With all the attention the Obama administration’s lies about the Benghazi terrorist attack are, at long last getting, an aspect of the scandal remains under-examined: the assumption that the anti-Islamic video so tirelessly touted by President Obama and his minions as the provocation causing the Benghazi violence did, in fact, cause the rioting at the U.S. embassy in Cairo hours earlier on September 11, 2012.
This conventional wisdom is wrong. There is a kernel of truth to it, which is more than you can say about the video’s connection to Benghazi, but no more than that.

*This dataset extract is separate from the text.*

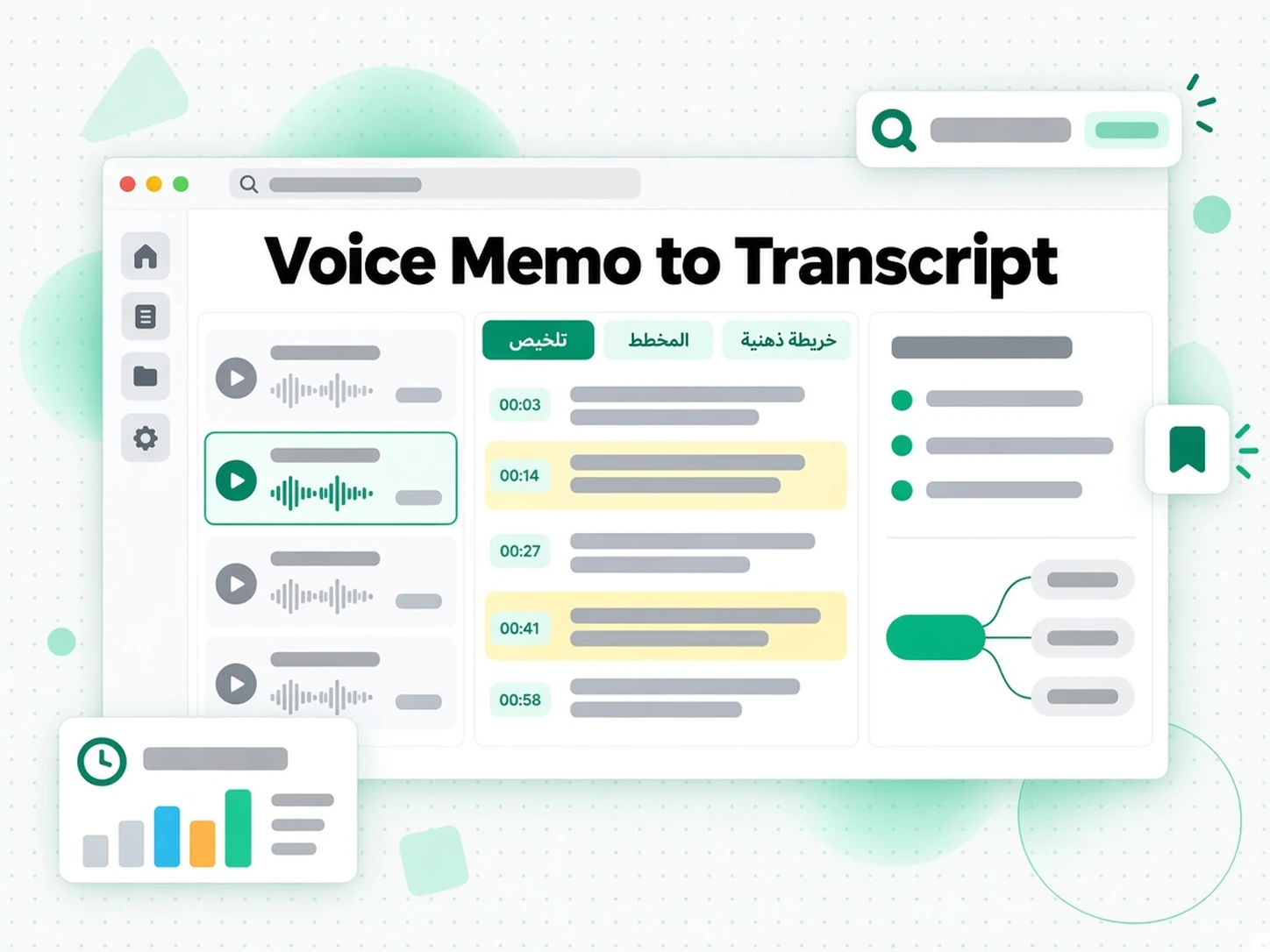 Voice Memo to Transcript: مرحلة من مراحل تحويل التسجيلات الصوتية إلى نص داخل transcript.im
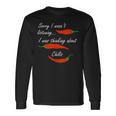 Mexican Food Chilis Saying Pepper Long Sleeve T-Shirt Gifts ideas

As we have covered here before (see, e.g., here), the release and return to Egypt of the Blind Sheik, Omar Abdel Rahman (whom I prosecuted in the Nineties), has been a cause célèbre in Egypt for many years. On September 10, 2012, the day before rioting at the U.S. embassy in Cairo, an Egyptian weekly, El Fagr, reported that several jihadist organizations, including the Blind Sheik’s group (Gamaat al-Islamia, or the Islamic Group) and al-Qaeda emir Ayman al-Zawahiri’s group (Egyptian Islamic Jihad), were threatening to burn the American embassy in Cairo to the ground. The promised action against the embassy was an effort to extort the release of Abdel Rahman and other jihadists jailed by the United States.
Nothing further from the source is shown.